Berlusconi: «Con lui l'Italia perde un amico vero e leale»

La toccante lettera dell'ex premier al figlio George W.

I leader politici mondiali hanno reagito con particolare emozione alla scomparsa di George Bush senior, protagonista di un'epoca cruciale della storia recente. Silvio Berlusconi ha inviato al figlio George W. Bush, a sua volta divenuto presidente degli Stati Uniti nel 2001, una lettera dai toni commossi: «Caro George, la notizia della scomparsa di Tuo padre mi ha profondamente addolorato. Il mondo perde uno statista illuminato, che seppe lavorare per la pace nella sicurezza e un fermo difensore dei valori democratici dell'Occidente.

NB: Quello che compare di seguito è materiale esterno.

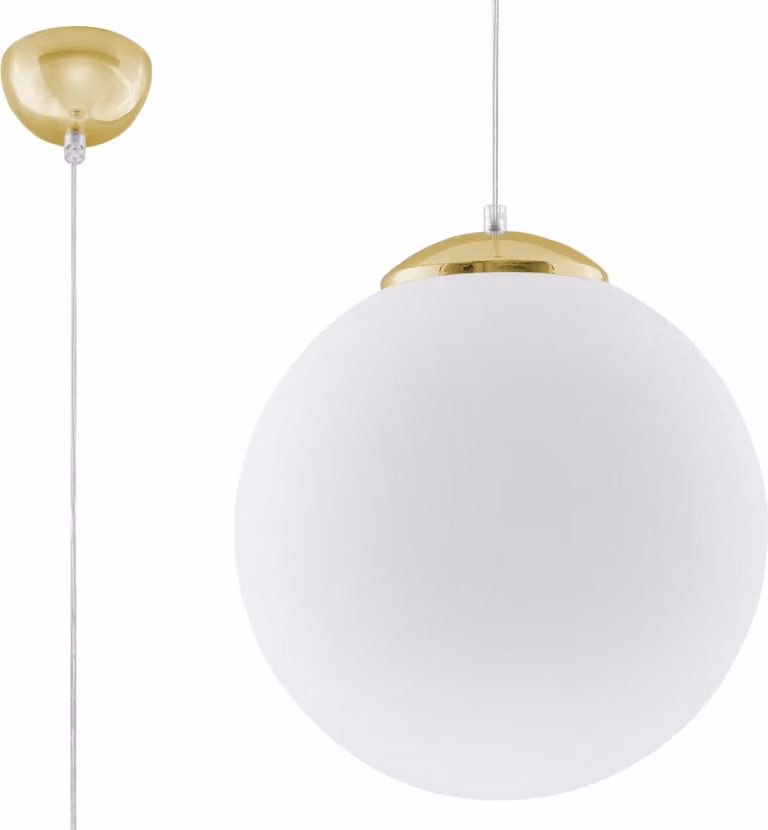 Lampada a sospensione UGO 30 oro 1xE27 15W acciaio/vetro 120x30x30cm Sollux Lighting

Per l'America Tuo padre è stato un grande Presidente, e prima ancora un grande eroe di guerra e un grande imprenditore. Per l'Italia un amico vero e leale. Mi unisco commosso al dolore tuo, della tua famiglia e di tutti gli americani. Ti abbraccio con grande affetto»

Nelle stesse ore sta facendo il giro del mondo sulla Rete il testo della lettera che George Bush senior inviò al suo successore Bill Clinton il 20 gennaio 1993, giorno del passaggio delle consegne tra i due alla Casa Bianca. L'allora giovane Clinton (aveva solo 46 anni) aveva appena infranto il sogno del presidente uscente repubblicano di inaugurare un secondo mandato presidenziale. Ma Bush seppe dominare la delusione e decise di rivolgersi al suo successore con toni patriottici ma il più possibile lontani dalla retorica. «Caro Bill - scriveva Bush - appena sono entrato in questo ufficio, proprio ora, ho avvertito lo stesso senso di meraviglia e rispetto che ho provato 4 anni fa. So che lo proverai anche tu. Ti auguro grande felicità qui. (...) Tu sarai il nostro presidente quando leggerai queste righe. Ti auguro il meglio, auguro il meglio alla tua famiglia. Il tuo successo ora è il successo del nostro Paese. Sto tifando con tutto il cuore per te. Buona fortuna».

Ieri, infine, anche due grandi protagonisti della politica russa hanno voluto rendere onore a un leader Usa che ebbe grande visione internazionale. Mikhail Gorbaciov, oggi 87enne, ultimo presidente dell'Urss e protagonista con Bush e ancor prima con Ronald Reagan di una storica pacificazione, ha reso omaggio al «vero partner di un passaggio storico». Mentre l'attuale presidente russo Vladimir Putin ricorda «l'uomo eccezionale che ha fatto molto per rafforzare la cooperazione russo-americana».